Es gibt seit Ewigkeiten (sprich: kurz nach dem 2. Weltkrieg) Standards, Normen und Ausführungsbestimmungen, die den sicheren Dauerbetrieb von elektrischen Anlagen regeln. Entspricht eine schaltbare Steckdose den Anforderungen ist sie nicht gefährlicher als eine Wallbox.
Ausführungen können jedoch in jedem Setting mangelhaft sein.
Super, dass es so gut klaptt.
Kann ich mit meinem Setup auch bestätigen: Erhöhen den Eigenverbrauch indem sobald Überschuss da ist, das Auto zu laden beginnt. Limitiert wird das Ganze dann durchs Lademanagement im Auto auf 80 oder 90%.
Brauchen das Auto unter der Woche recht selten, daher stört es mich auch nicht, wenn es nur mit 2,6kW und daher langsam (aber Akku schonend) lädt.
Vielleicht hab ich’s überlesen, aber welche mobile Wallbox verwendest du denn?
Wie gesagt nicht smart. Hab’s einfach mal ausprobiert und bisher erfüllt es meine Anforderungen
Und kostet dabei doch nochmal deutlich weniger, als die smarten Varianten.
Alles klar - manchmal sind die Benefits der „smarten“ eh nicht so groß und man sendet zumindest keine Daten und Nutzungsverhalten an Dritte.
Wenn du semi-smart willst, kannst du dein Setup immer noch durch einen Shelly und einer Homeautomatisation, einem Steuerausgang von deinem Wechselrichter oder ähnlichem erweitern. Dann bleibt zwar der Ladestrom der fix an der Box einstellte, aber sobald der durch PV verfügbar ist, startet der Ladevorgang bis zu dem Ladestand, den das Auto vorgibt.
Naja, wenn schon automatisierst, dann ist eine “Semismart" mMn eher nix (hab dann technisch alles nötige vorbereitet, aber nicht den max. Nutzen)

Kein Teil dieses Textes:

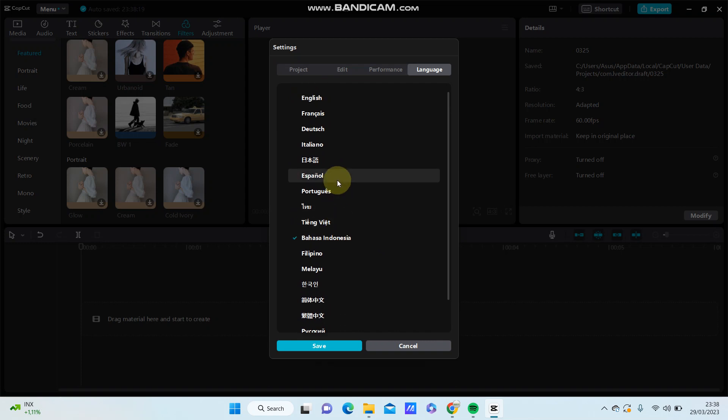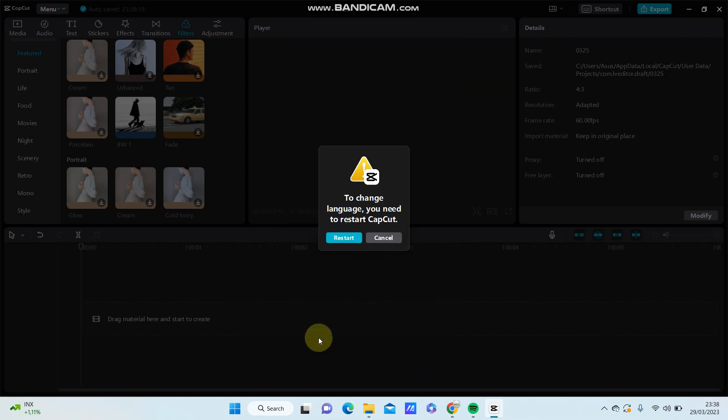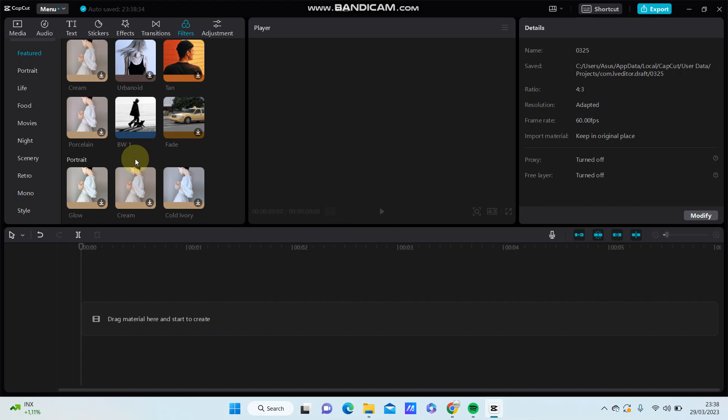For example, let's click Save. You need to restart CapCut. Just quickly restart it.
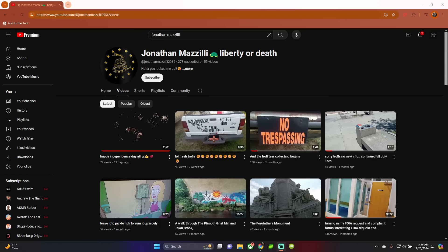Hey guys, KFAR back again once again. So today's video is going to be a bit different. We're just going to go over an update on Jonathan Mazzilli, Turtle, Liberty or Death, because this guy's an idiot.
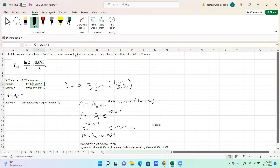Since I'm looking at what happens in one month, having the decay constant in years doesn't really help. I need it in months. So I take 0.132 per year and convert it: one year is 12 months, so those cancel. Taking 0.132 divided by 12 gives the decay constant per month.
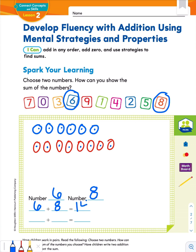Now, what could we do using those two numbers to get a different addition fact? Go ahead and pause this video and think about how to create a related addition fact. If you said switch the two addends around, you'd be correct. It does not matter the order of the addends in an addition problem. We can switch the 6 and the 8 to 8 plus 6 and still get the same sum — the sum did not change.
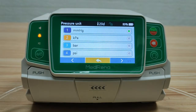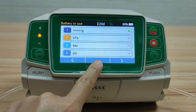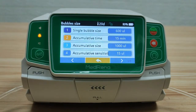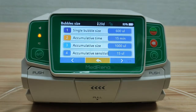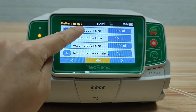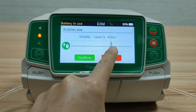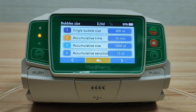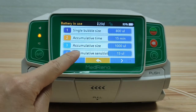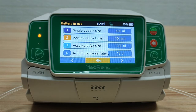Pressure units: there are four different pressure units available for choosing. Bubble size: in this setting we can select the single bubble size or accumulative size that will trigger the alarm. For single bubble size there are seven different levels for choosing. We can also select accumulative time or accumulative sensitivity that will trigger the alarm.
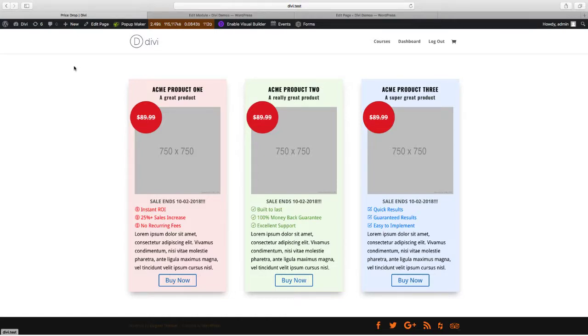In this video, we're going to add a color field to a custom module using the Divi Module Builder plugin sold on DiviPlugins.com.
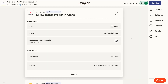I'll give you a brief overview of the entire process, then walk you through each step in more detail. First, you need to create a new Zap and add a trigger event. You can use any app or event you'd like for your trigger — just use whatever makes sense for your circumstances and gathers the data you need for your AI prompt. For our example, we'll use an Asana trigger that runs whenever a new task is added to a project.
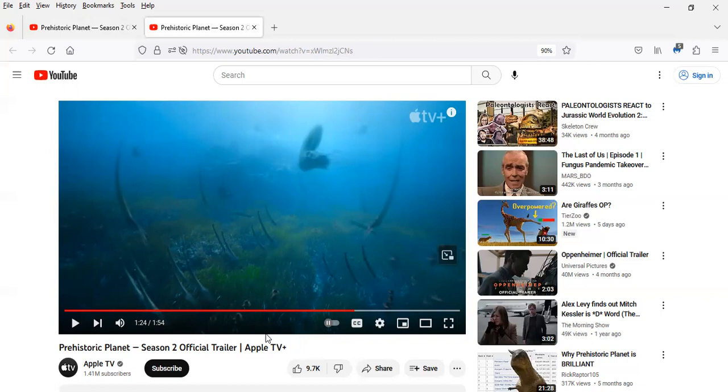But Prehistoric Planet does a good job not limiting the documentary to just showing how dinosaurs lived in the late Cretaceous. They also showcase other prehistoric animals such as ammonites and various prehistoric marine reptiles like the mosasaur, and prehistoric frogs too.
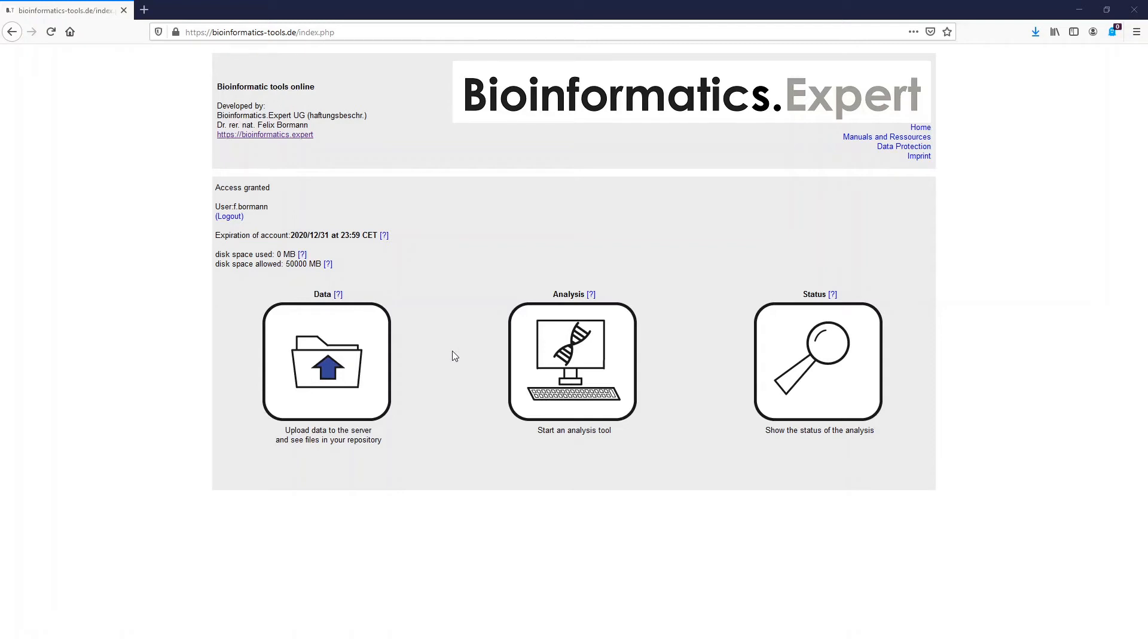Welcome to Bioinformatics Expert. In this video I want to show you how you can perform a Venn Diagram with the Bioinformatics Tools online program.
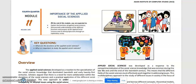Good day, grade 12 students. For our topic this week, we have Module 11 in SST 1-4, which is the Importance of the Applied Social Sciences. At the end of this module, you are expected to explain the functions of Applied Social Sciences.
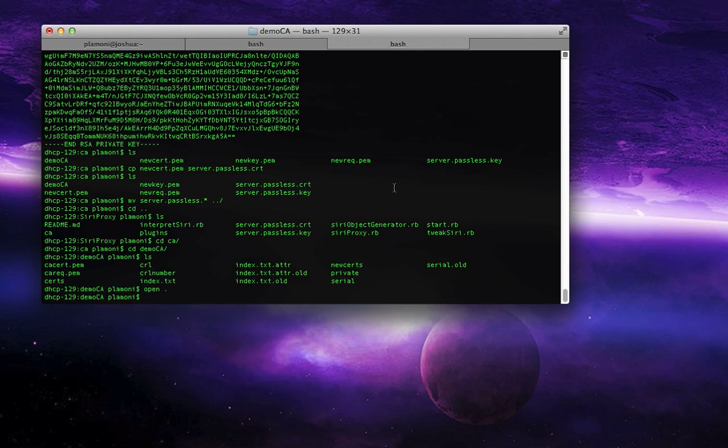Once that's in there, you should be able to start up the Siri proxy, and assuming you're redirecting your Gazzoni traffic to Siri proxy, or to your computer that's running the Siri proxy, everything should go well. So, good luck!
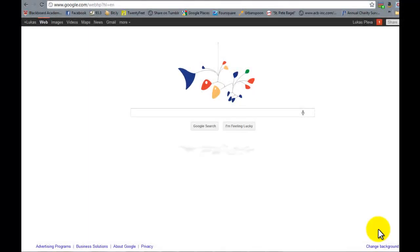Hey guys, Lucas from WebHead here, and this is just a quick demonstration of Google search personalization in action.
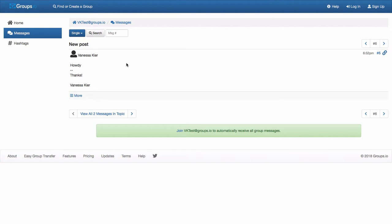Now if you notice, up here in the right hand corner, I am not logged in, yet it's still showing me the message here.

Mit 2,6kW zu laden ist halt auch eine Ladung mit den mit meisten Verlusten. Und ob du einen Autoakku mit 2,6kW oder 11kW lädst, hat keine Auswirkung auf die Gesundheit.
Das mit den Verlusten, lese ich immer wieder, kann ich aber in meinem Setup nicht bestätigen. Die liegen, ähnlich wie an öffentlichen Typ2 Säulen, so um die 10% …

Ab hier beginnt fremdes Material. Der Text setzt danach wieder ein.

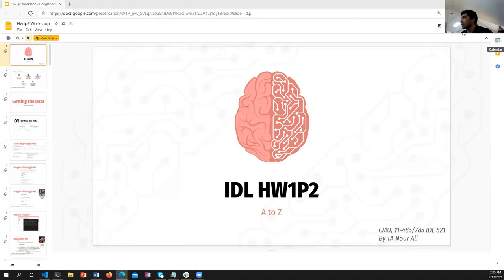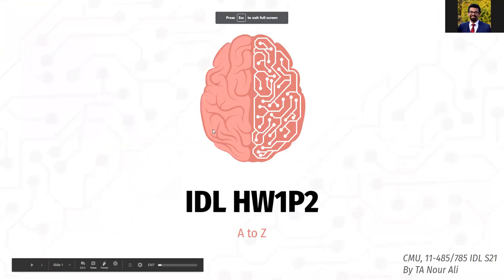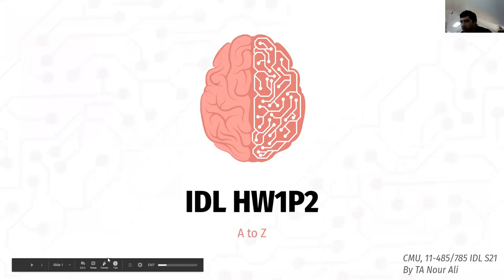You guys can see these slides? Great, let's go into present mode. This bottom bar gets in the way sometimes, so if it's blocking something I don't notice, just remind me and I'll move it.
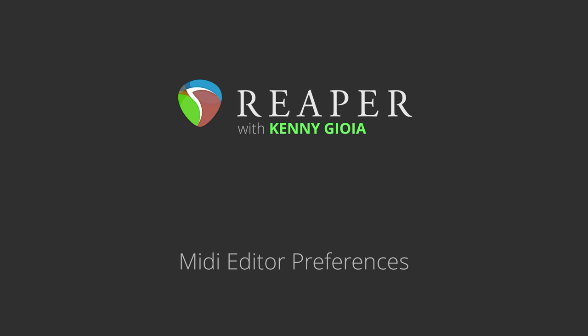Hi, I'm Kenny Gioia. Welcome to another one of my tutorials. In this video, I'm going to show you the MIDI editor preferences in Reaper.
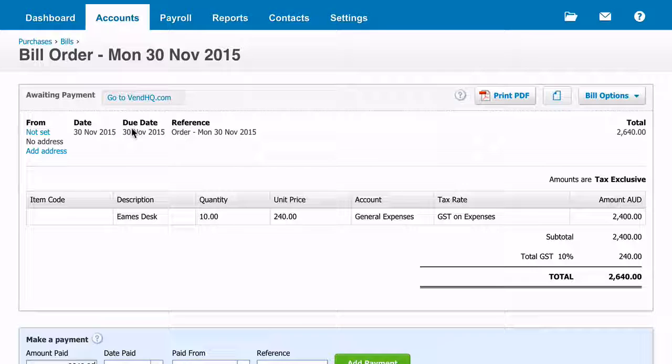Tax is applied by Xero according to your account settings. The due date is not sent to Xero, as this is the day you expect to receive the order, not the date payment is due.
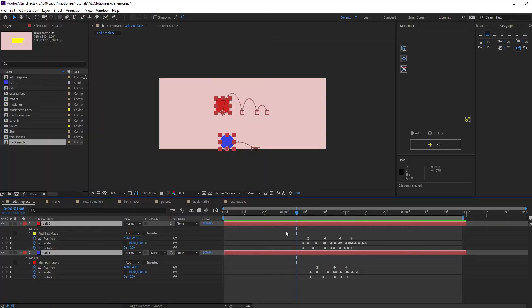So, what is Motioneer? It's a motion engine. It lets you copy, store and reuse layers and mask animations in a smart way.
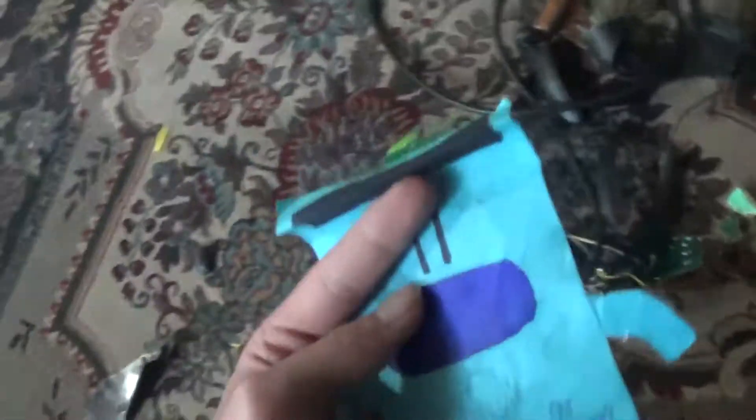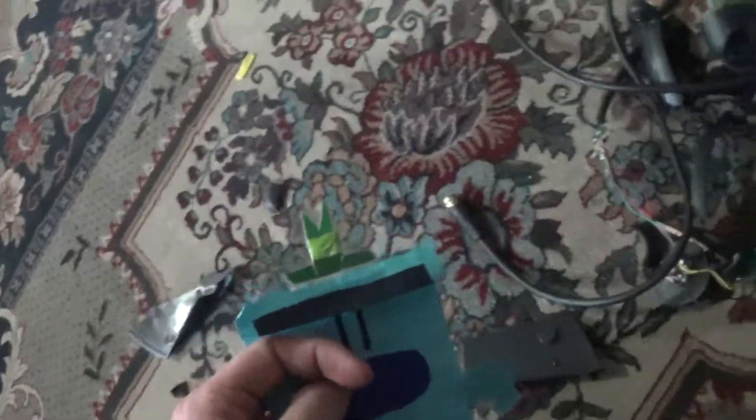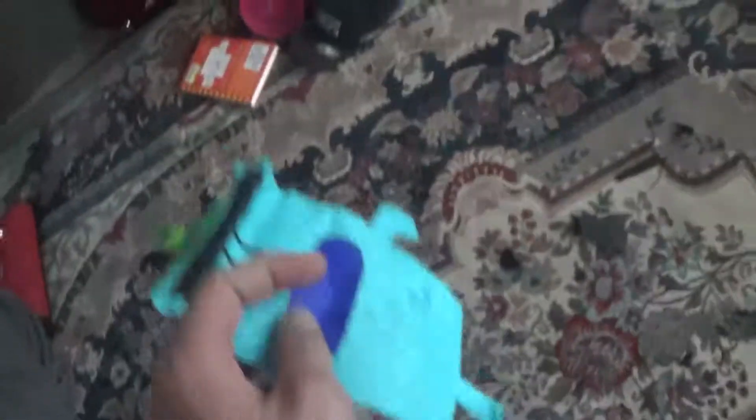I gotta clean this up. I gotta clean this up. Oh, crap. Holy crap. Holy crap. Oh, my God. Look at this mess. What am I going to do? What am I going to do?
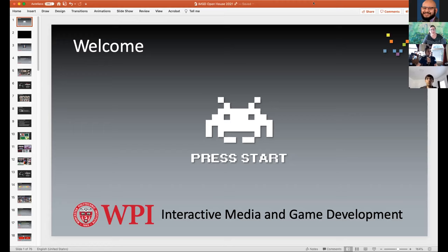Let's start by talking about student projects. WPI is a project-based institution, and IMGD is by no means an exception. Students are working on projects from the moment they arrive. There are really exciting opportunities to develop your own project ideas, work on funded projects, and present project work at local, national, and international venues. I'll start with an overview of one of the student-run studios here in IMGD from the last few years — a student-developed studio called Penumbra Games.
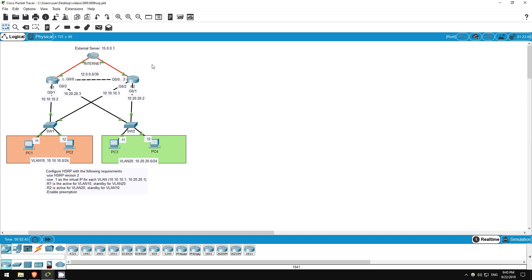However, we can achieve load balancing by assigning different default gateways for different VLANs. In this network, while VLAN 10 will use R1 as the active router and R2 as the standby, we will configure VLAN 20 to use R2 as the active router and R1 as the standby. Let's get started.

Außerdem ging es ja auch nicht darum, das eine optimale Setup zu beschreiben, sondern um Möglichkeiten aufzuzeigen, wie man auch ohne Elektriker und minimalen Kosten ( <100€) seinen eigenen Sonnenstrom recht einfach nutzen kann.
Ich bin schon mehrfach mit semi-smarten Lösungen super weit gekommen. Eine Brauchwasser-Wärmepumpe (oder wie Lukas sein Auto) per Zeitschaltuhr über die Mittagszeit zu betreiben, wird dir eine recht hohe Nutzuing des Solarertrags ermöglichen ohne gleich ein Smarthome-System zu benötigen.
Aber wie immer: ymmv
Naja, keine Ahnung wie du den Verlust bei deinem Setup feststellst, aber da würde ich schon dem ADAC mehr Zustimmung geben:
Und eben, wenn ich schon den WR abgreife, dann geh ich auch noch den letzten Schritt zum Überschussladen.
Messung ist recht einfach: Primärseitig zwischen bekannten Ladeständen (e.g. 20-80%) und auf die Normkapazität des Akkus (bekanntlich von der Ladeart unabhängig) berechnet.
Wie gesagt: Muss für dich nicht zutreffen und muss auch nicht jeder so laden.